Mas ainda não desisti, e suspeito que não desistirei tão cedo.
Já que estamos falando de não-lugares, não-países, não-futuros, me vêm algumas perguntas que (acho, desconfio) conduzem o projeto novo que quero desenvolver a partir daqui, com vocês: não-lugares são habitáveis? São ilhas? Como habitar o inabitável?
No primeiro mês dessa quarentena (que estranho ainda chamar tudo isso assim, quando quase todo mundo voltou ao tal 'novo normal' - odeio mortalmente essa expressão), já dei com a cara no muro da falta de palavras, embora ainda não estivesse me sentindo tão desesperada, desenraizada, perdida e cansada quanto agora, com alguns poucos intervalos de algo parecido com leveza.
A sensação que surge é a de perder um endereço muito importante, onde se deve chegar o mais rápido possível, antes que caia um temporal de proporções impossíveis.
Depois de tanto tempo enclausurada, desde quando eu comecei a rascunhar essas linhas, eu tenho voltado, muito devagar, a ter noção de que escrever, fotografar, fazer arte, é necessário, mais do que nunca.
Precisamos demais de quem conte as histórias.

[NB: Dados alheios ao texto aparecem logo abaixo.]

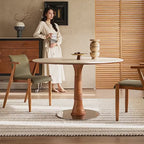 Travertine Sintered Stone Dining Table with Sculptural Ash Wood Base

Pensando nisso, sobre quais histórias eu devo contar, cheguei a uma conclusão importante:
Não vou mais escrever o meu segundo livro com o tema que eu havia escolhido - abuso, acerto de contas, cura, ainda que de uma perspectiva um pouco diferente. A MEADA cumpriu esse papel muito melhor do que um livro inteiro.
Percebi que, por mais válidas e urgentes que sejam as histórias, algumas delas acabam nos aprisionando feito música parada no mesmo ponto por disco riscado, arquivo corrompido, o que mais agradar a faixa etária de cada um :P
Eu sempre gostei de contar histórias e (acho) sempre fui boa nisso. Tanto é que uma das minhas brincadeiras preferidas era editar um "jornal" na garagem da casa do meu avô, cada edição "batida" na Olivetti Lettera 82 dele, perdida bestamente.
Mês que vem, outubro, se completarão seis anos da partida dele. Seis anos de histórias que (me) conto para lembrar. Para não esquecer de muita coisa que acabo perdendo de vista se me distraio.
Semana passada, dei uma sorte incrível e encontrei uma gêmea da Olivetti desaparecida, em condições perfeitas, quase não acreditei, chorei de emoção, de saudade.
Por isso, as próximas edições da news (ainda nessa sala querida, não se preocupem) serão de um novo projeto:
Cartas fora do tempo
Afinal, o tempo pandêmico é feito de uma substância toda outra. Numa época de nãos, talvez sobreviver envolva navegar um não-tempo. Uma espera sem horizonte distinguível. Acho que vai ser demais ter de volta, ainda que "emprestados" da memória, a garagem da casa antiga e o meu "jornal", na forma de newsletter, digitado à máquina e escaneado com todo o carinho e a empolgação que sou capaz de sentir (quem me conhece, sabe que, quando eu não tô na merda, eu posso ser uma pessoinha empolgada até demais, hahahahahaha)!
Vou continuar falando de processos criativos, de poesia, de referências, só que, agora, de uma perspectiva um pouquinho mais documental e focada em preservação de memória em tempos movediços :)
Obrigada por seguirem nessa sala comigo! Vem coisa bem legal por aí!